▶ _WHAT THE EXERCISE ASKS_
Everything from the line with "[Kokiya2] เครื่องกําจัดไรฝุ่น แบบชาร์จ" down to the line with "最高獎500元！中秋假期這樣舉報違法占用應急車道車輛" below must be printed exactly, those two lines included. Exclude pictures.

▶ _GIVEN RECORDS_
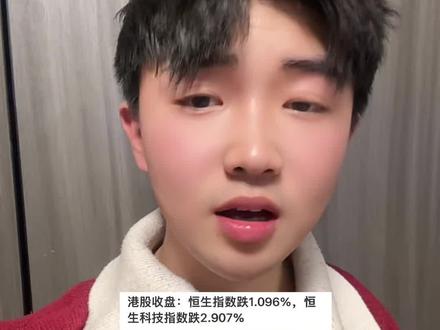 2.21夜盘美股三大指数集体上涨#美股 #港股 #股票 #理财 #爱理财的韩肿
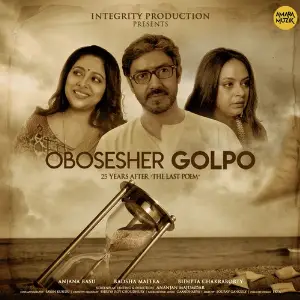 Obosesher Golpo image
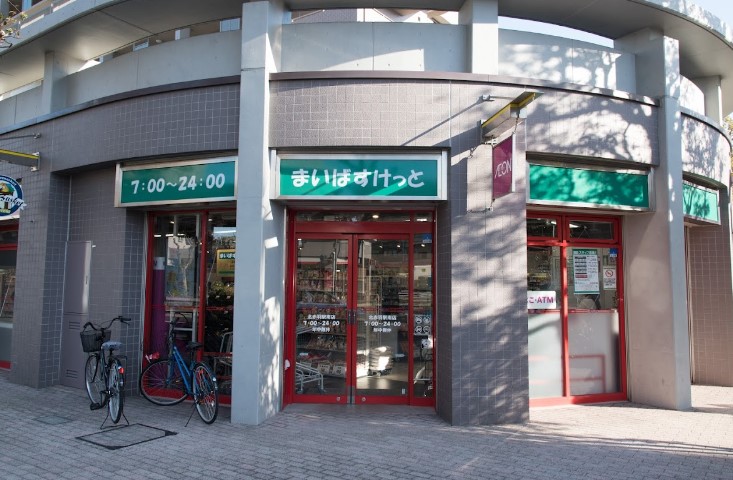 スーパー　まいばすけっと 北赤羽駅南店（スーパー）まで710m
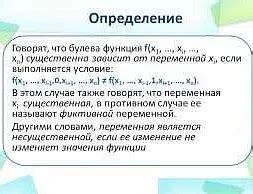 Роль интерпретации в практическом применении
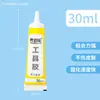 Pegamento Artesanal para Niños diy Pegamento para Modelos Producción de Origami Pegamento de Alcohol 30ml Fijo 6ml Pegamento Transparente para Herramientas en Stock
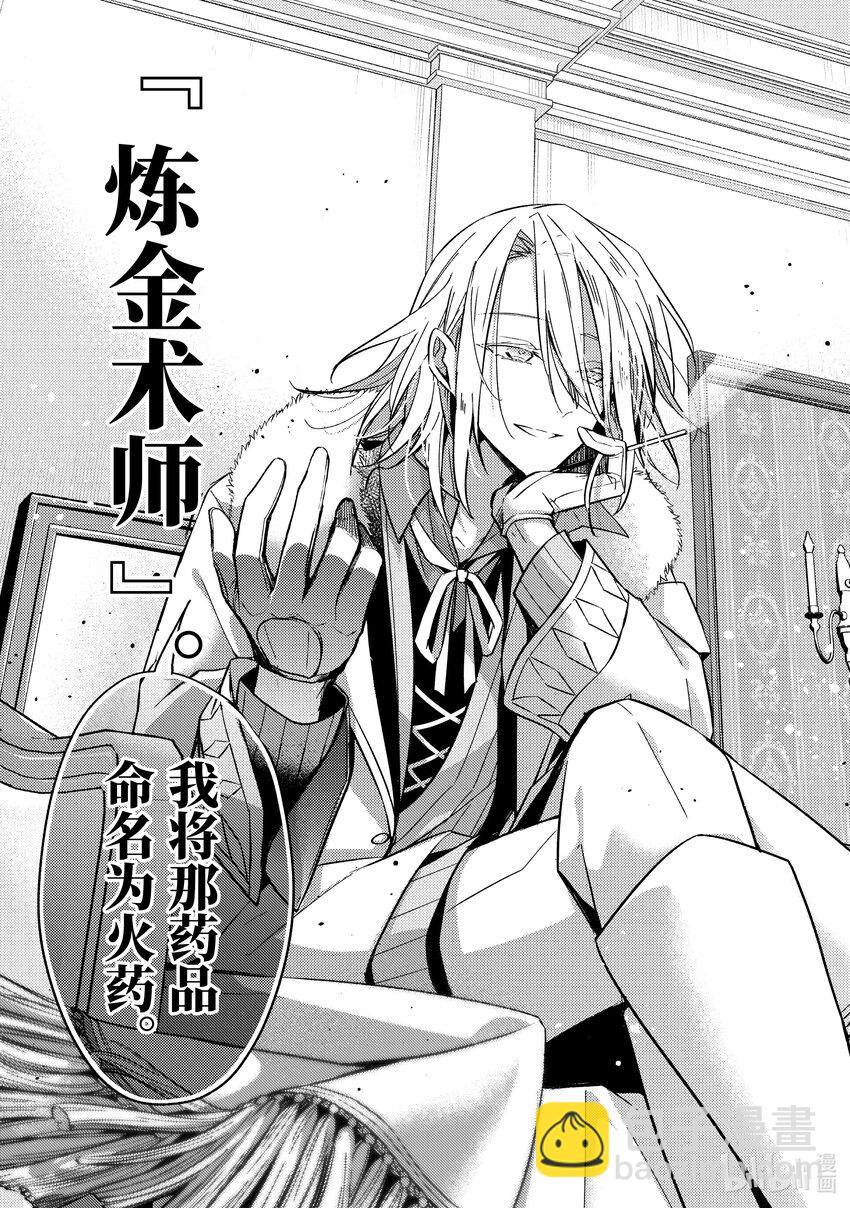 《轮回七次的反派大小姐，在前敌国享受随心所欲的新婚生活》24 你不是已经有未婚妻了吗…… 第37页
---
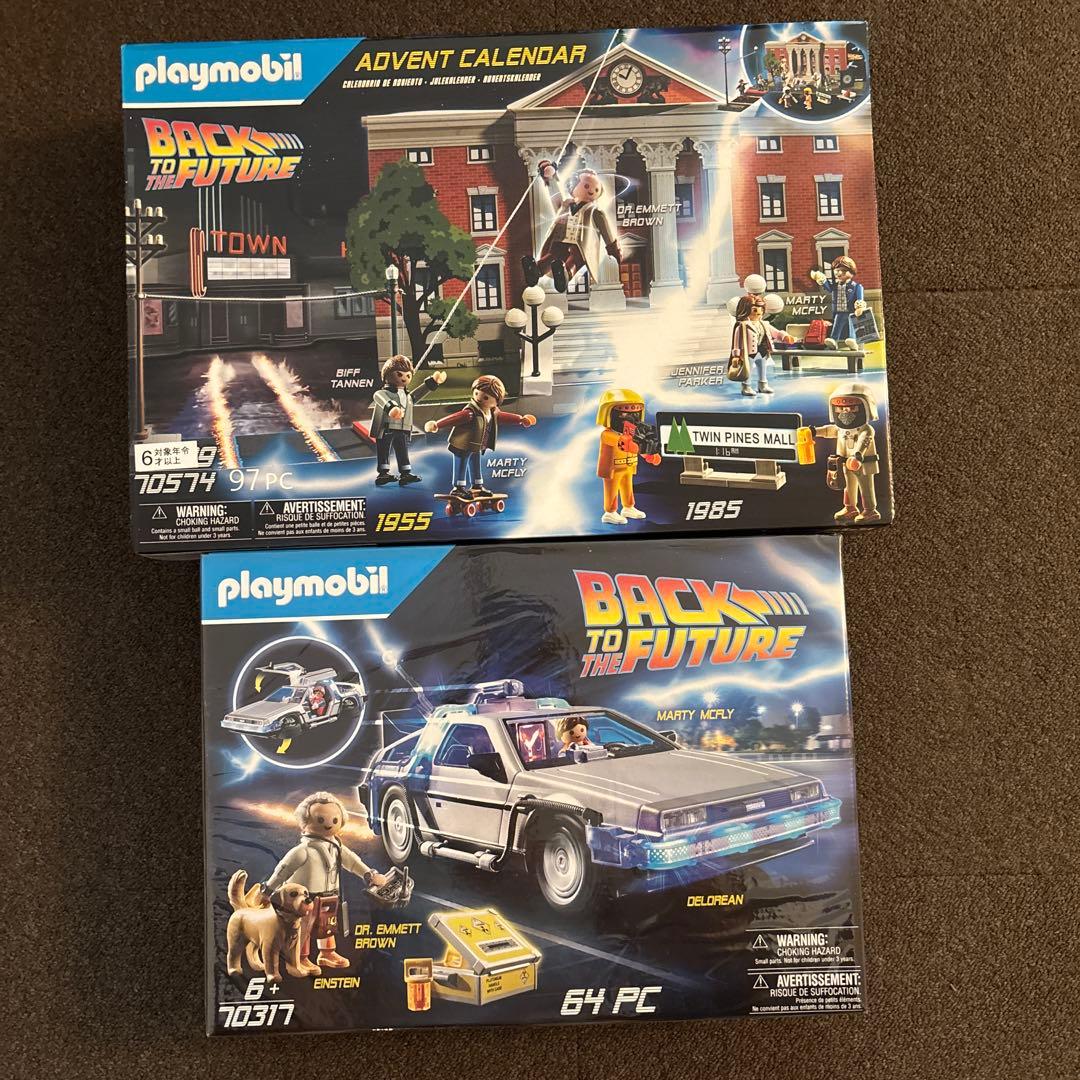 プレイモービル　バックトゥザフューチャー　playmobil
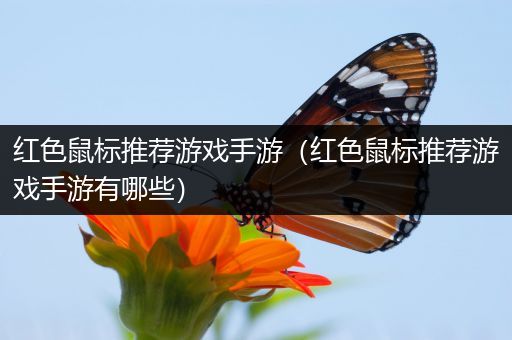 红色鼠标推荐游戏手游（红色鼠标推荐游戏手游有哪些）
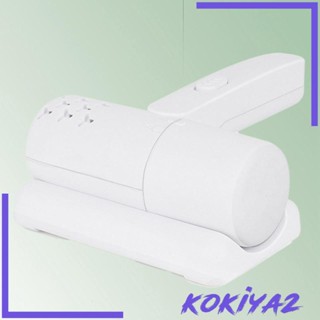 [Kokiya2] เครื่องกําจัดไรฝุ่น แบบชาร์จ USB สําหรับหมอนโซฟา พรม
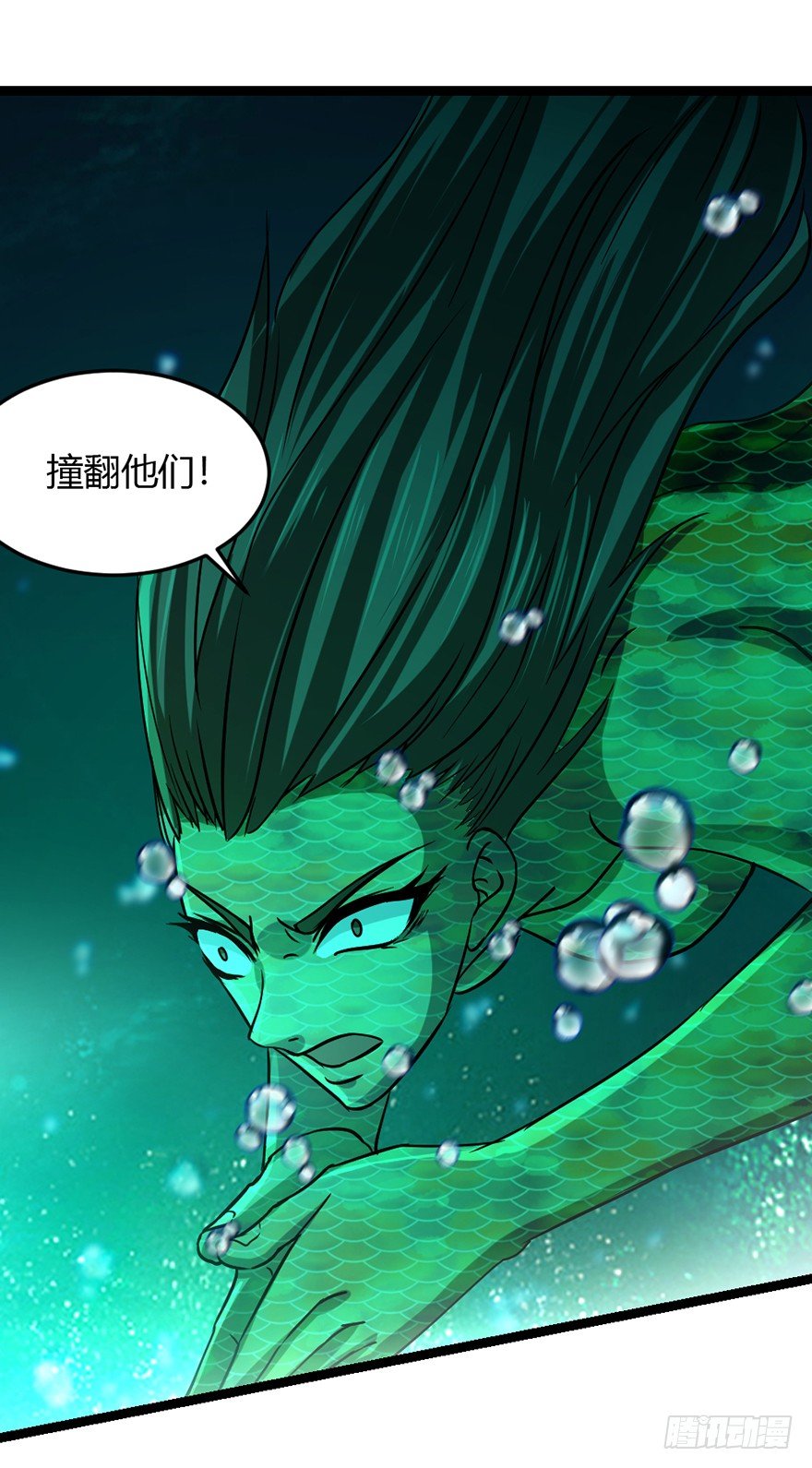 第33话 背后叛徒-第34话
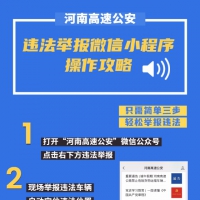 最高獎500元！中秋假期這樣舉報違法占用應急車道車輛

▶ _EXPECTED OUTPUT_
 [Kokiya2] เครื่องกําจัดไรฝุ่น แบบชาร์จ USB สําหรับหมอนโซฟา พรม
 第33话 背后叛徒-第34话
 最高獎500元！中秋假期這樣舉報違法占用應急車道車輛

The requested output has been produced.